Мне кажется, что многие не осознают, насколько мощным инструментом познания является осязание. Тактильные ощущения пронизывают все тело, и кожа в любой его части может стать чрезвычайно чувствительной, если это необходимо. Каждый участок кожи может превратиться в своего рода щупальце, которое, касаясь чего-то, позволяет разуму делать выводы о свойствах, которые раскрываются при тактильном контакте. Это может быть тепло, холод, боль, гладкость, шероховатость или неровность поверхности. К тому же даже самые слабые движения воздуха вызывают мгновенную реакцию на лице и теле.
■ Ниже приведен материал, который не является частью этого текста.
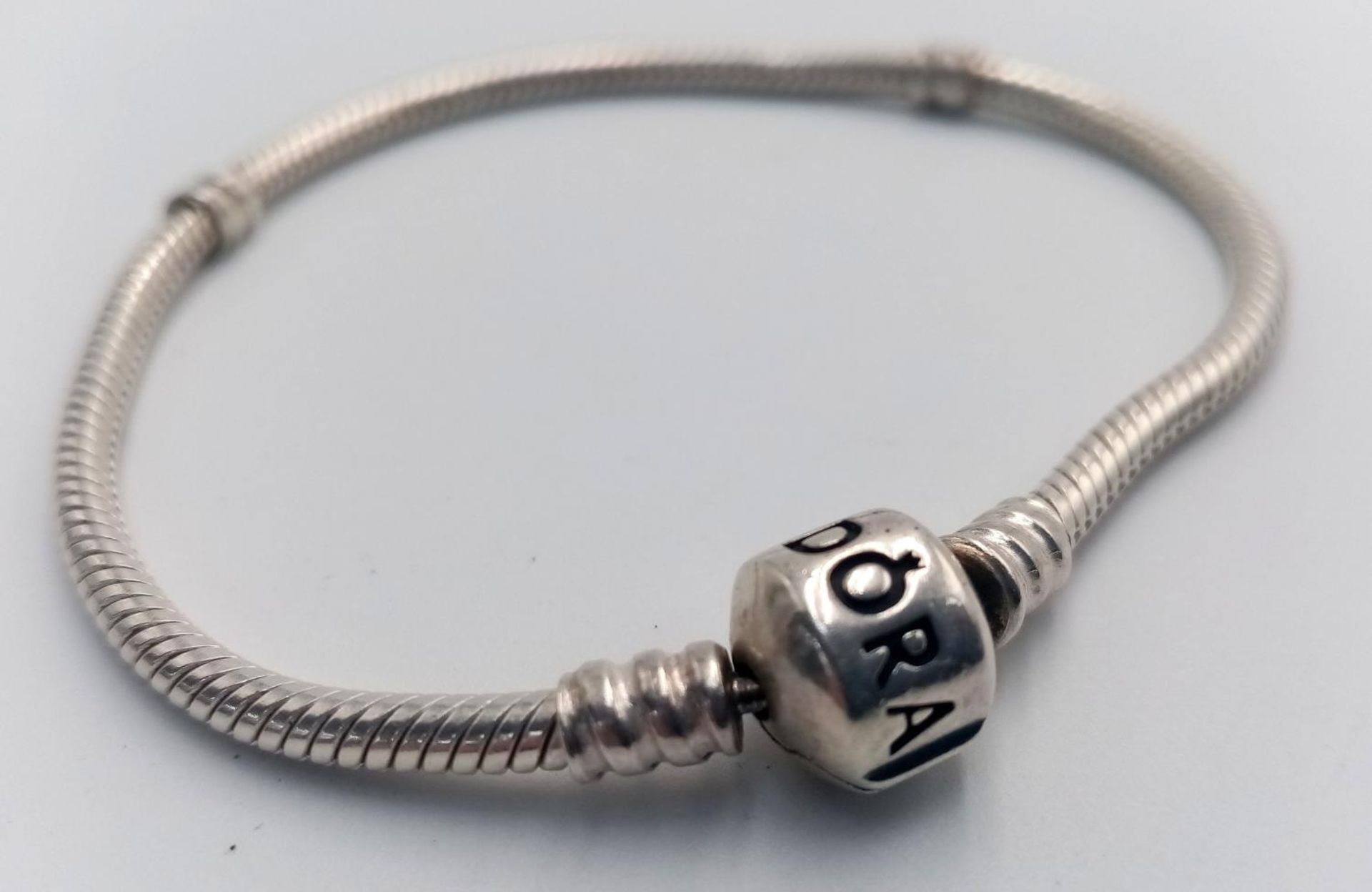 A PANDORA STERLING SILVER MOMENTS BRACELET 14.1G , approx 19cm length. SC 9092 - Image 3 of 4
В погоне за научным пониманием этого чувства профессор из Колумбийского университета, доктор Фредерик Тилни, провел со мной серию экспериментов. Мои ученые мучители принесли всевозможные приборы странного вида и формы с длинными греческими названиями. Когда приходит время испытаний, вы сжимаете в кулак все свое мужество, ожидая нападения этих маленьких злобных существ. Они щиплют, сжимают, колют, давят, жалят и жужжат. Один измеряет ваше дыхание, другой – пульс, третий интересуется, не холодно ли вам, не жарко ли, не краснеете ли вы, как вы определяете, когда пора плакать или смеяться, каковы на вкус гнев и страх, каково это – кружиться на карусели, ощущать себя электрической батареей и стрелять искрами, подобно молнии. Вы безропотно позволяете им обмотать ваше запястье резиновым рукавом, который они затем надувают, не забыв спросить:
– Не слишком ли туго?
– О нет, – отвечаете вы, – совсем нет, моя рука уже полностью онемела.